Sta Hungry Stay Foolish

Stay Hungry. Stay Foolish.

A blog by Leon Oudejans

Why do we yawn?

30 May 2015


Arguably the first studier of yawns was the Greek physician Hippocrates nearly 2,500 years ago. He believed that yawning helped to release noxious air, particularly during a fever. “Like the large quantities of steam that escape from cauldrons when water boils, the accumulated air in the body is violently expelled through the mouth when the body temperature rises,” he wrote. (BBC)

For more than 2 millennia scientists have researched this topic and still there is no unified theory on this subject. Remarkably, I even noticed two articles involving 2014 research by Dr Andrew Gallup which basically repeated what Hippocrates had already said 2,500 years ago. Yet, it was considered newsworthy as anything on this topic is viewed with interest. (WSJ, BBC)

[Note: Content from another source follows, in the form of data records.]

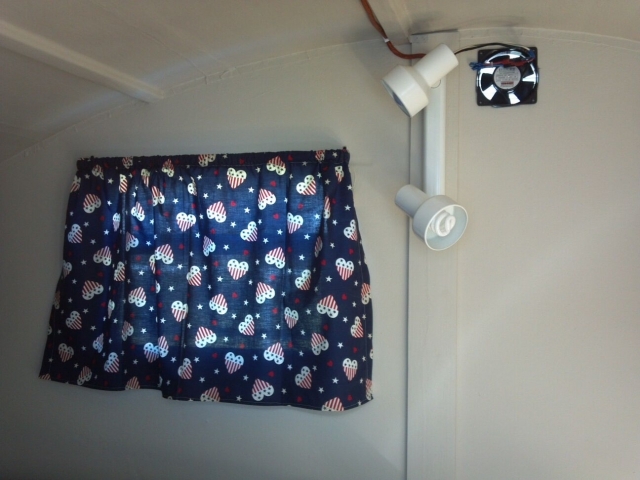 curtains 2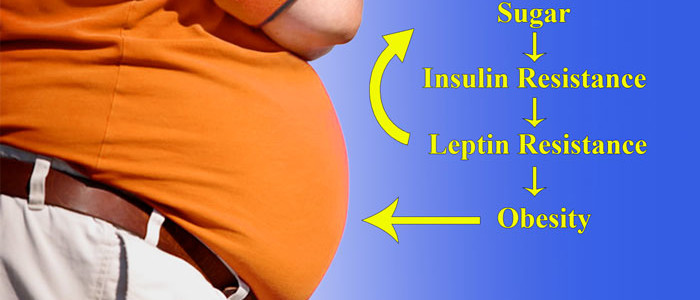 Insulin and Leptin – The Hunger Twins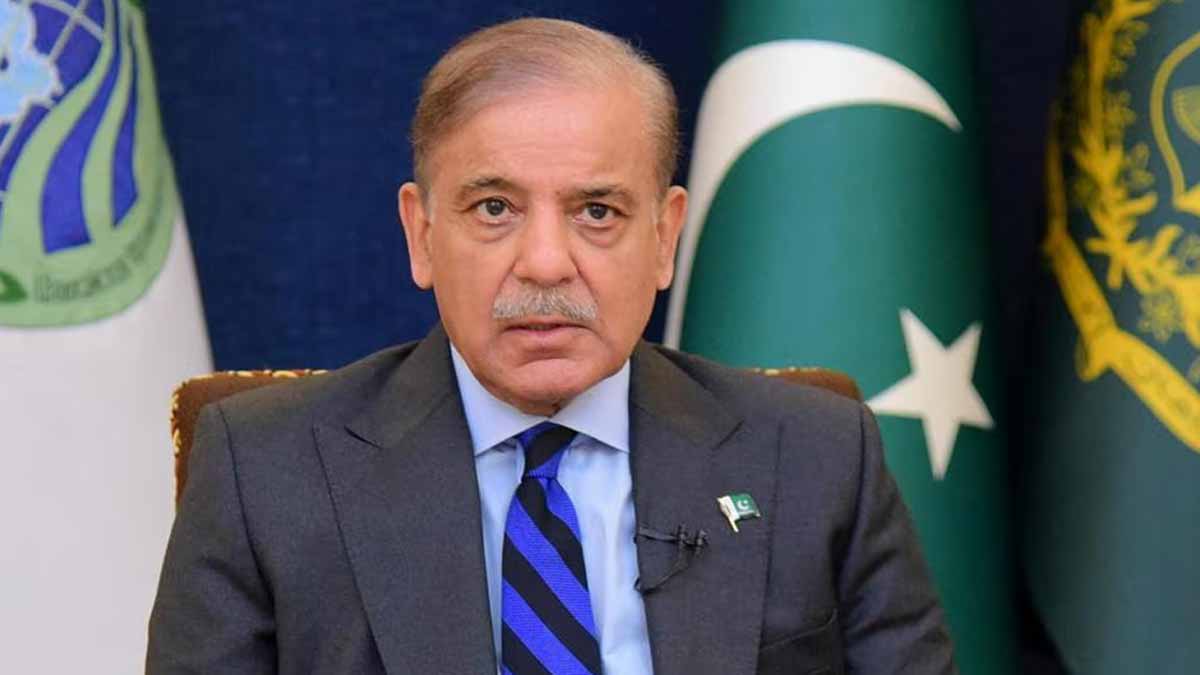 மெகா ஊழல் மற்றும் பணமோசடி வழக்கில் பாகிஸ்தான் பிரதமரின் மகளுக்கு முன் ஜாமீன்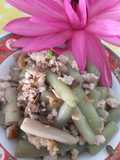 ผัดสายบัวเต้าหู้เจ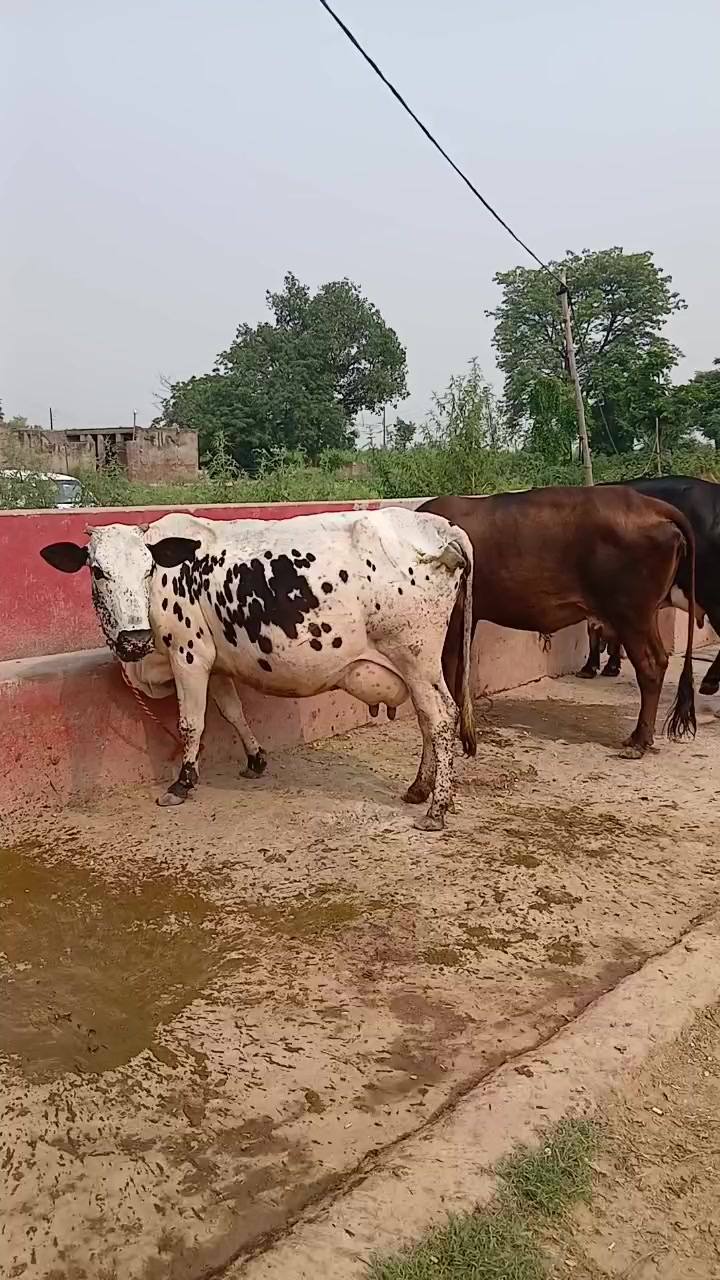 @Farming and Business Ideas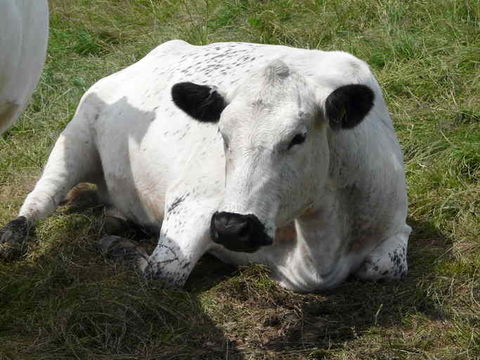 Image of Cow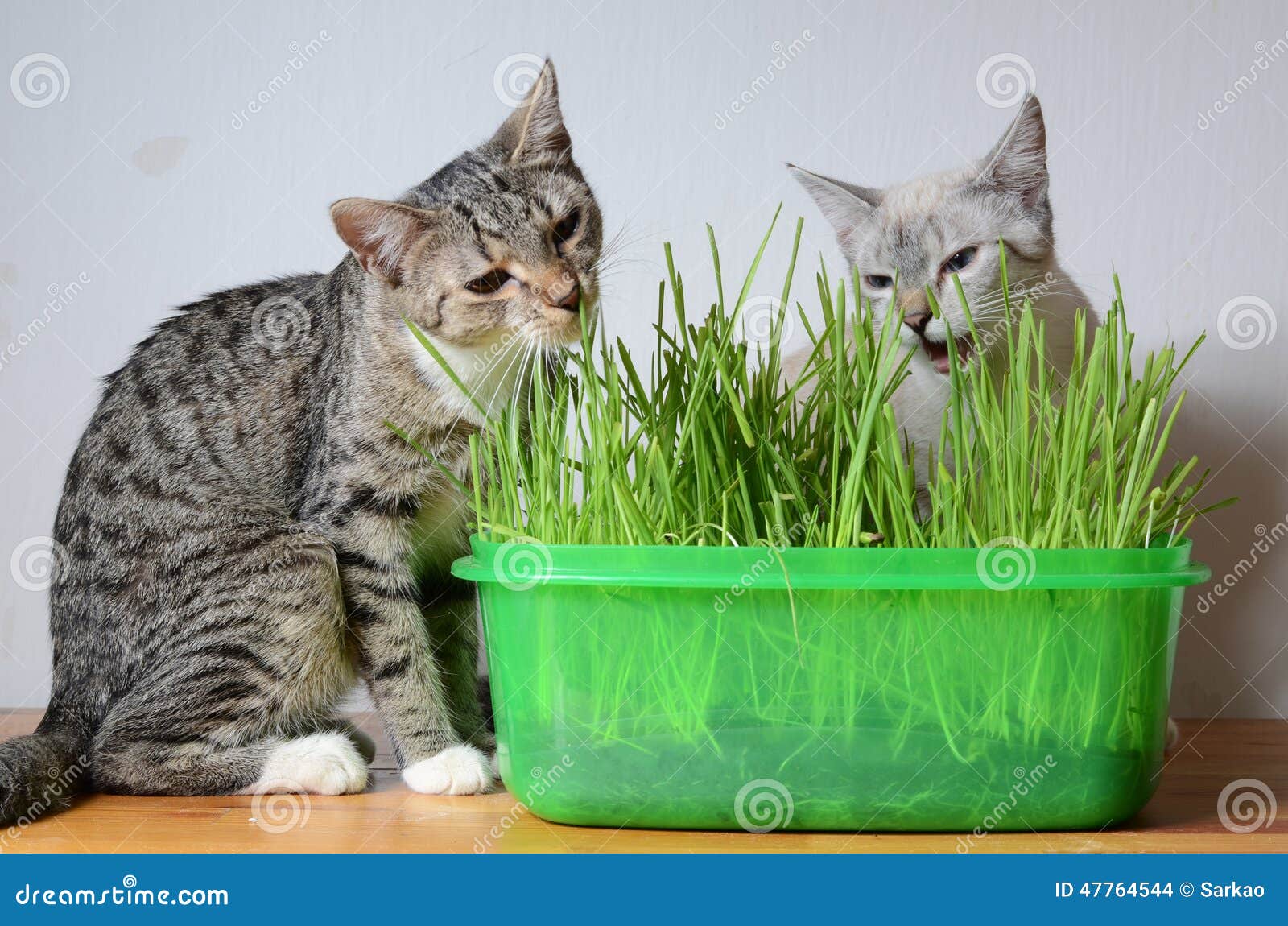 Kittens and grass stock photo. Image of plant, mammal 47764544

Interestingly, there is a lot of symmetry in the causes and the alleged reasons:

– bonding versus attacking / fighting 

– empathy versus contempt

– boredom / sleep versus (sexual) appetite

– oxygen versus carbon dioxide in the brain 

– heating versus cooling of the brain

– air pressure (e.g., ears) versus brain fluids

– individual’s dominance / muscle stretching versus (contagious) group behaviour

Sources: Wikipedia, BBC, WSJ, how stuff works, Psychology Today link 1 and link 2

As always, I am struck by the beautiful symmetry that nature provides us with. I wouldn’t even be surprised if yawning has – at least – 2 evolutionary reasons similar to laughter. See my April 30 blog on humour and laughter. In the case of laughter there is an evolutionary component and a social / group component that evolved in very different stages of our evolution. 

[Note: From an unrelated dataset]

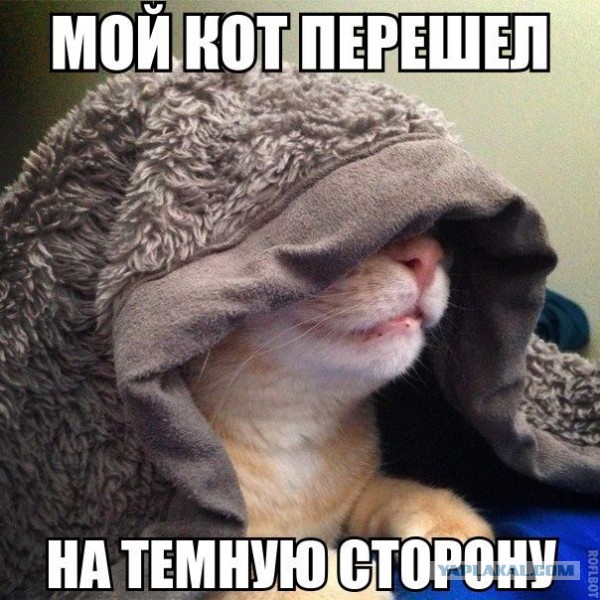 Картинки из инета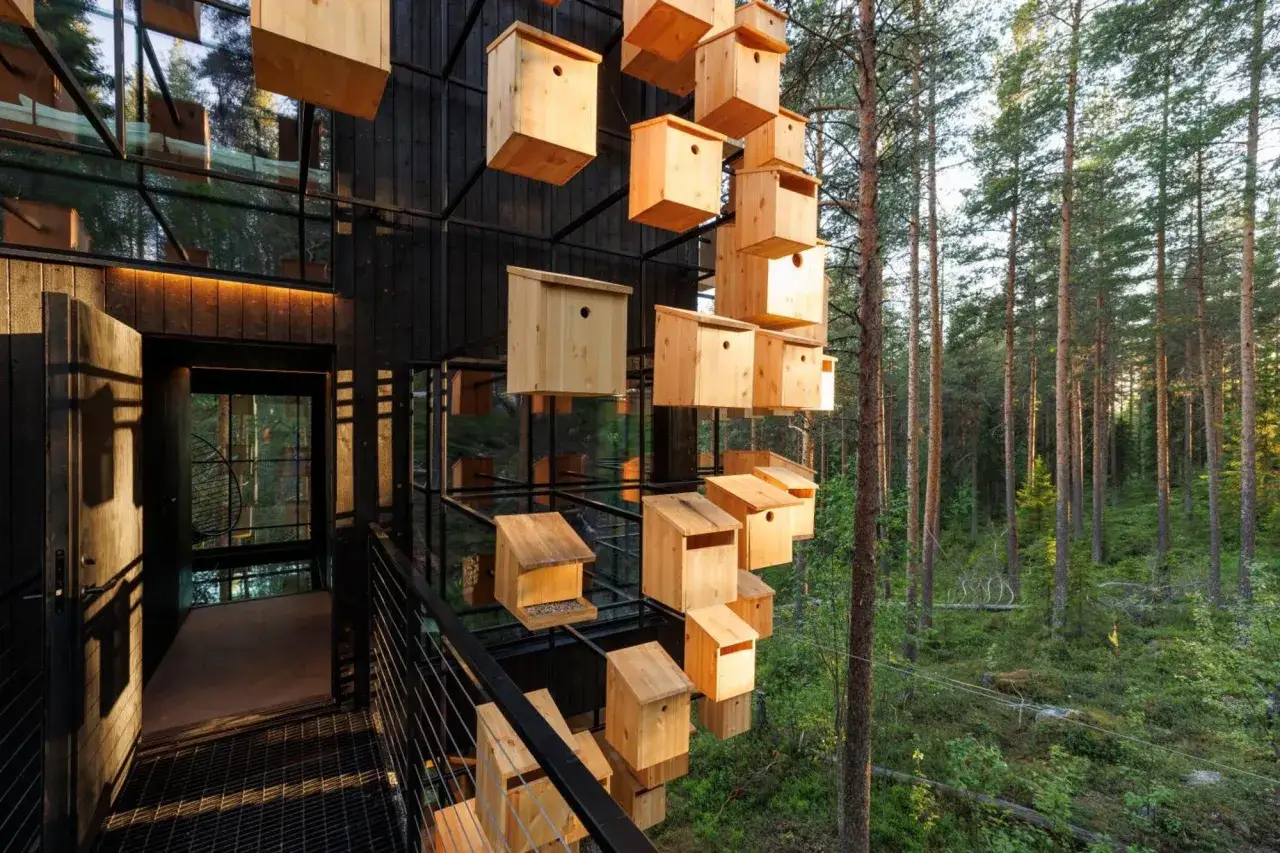 Trädhotell i Sverige med många fågelholkar som hänger på en svart metallkonstruktion i en skog.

Most likely the evolutionary component is still to be seen in animal behaviour and in unborn infants who yawn as of the 11th week of the pregnancy. The yawning and muscle stretching of top sporters before important matches (e.g., Olympics) may well relate to displaying the individual’s dominance towards his/her competitors. I do see a pattern of interconnectedness in the above mentioned 7 symmetrical causes and alleged reasons. 

The bonding factor is quite interesting in my case. Lately, I have had quite a lot of conversations by phone and those lasted for several hours. I know they lasted for more than 2 hours as my operator keeps on disconnecting me after 2 hours. When she starts to yawn in those conversations, my (involuntary) yawning immediately follows and also vice versa. The first time this happened she said it was a good sign. Obviously, I asked why. She then said it is not good when the other person does not join the yawning. Actually, she was very, very right in that. Research has shown that yawn contagion appears to be primarily driven by the emotional closeness between individuals. Strangers join in yawning either last or not at all.

Comedian Groucho Marx once attended a dull dinner party, which kept him yawning all evening. As he was preparing to depart, the hostess said: “I hope you had a pleasant time, Mr. Marx!” “I had a wonderful time,” cracked Groucho, “but this wasn’t it.”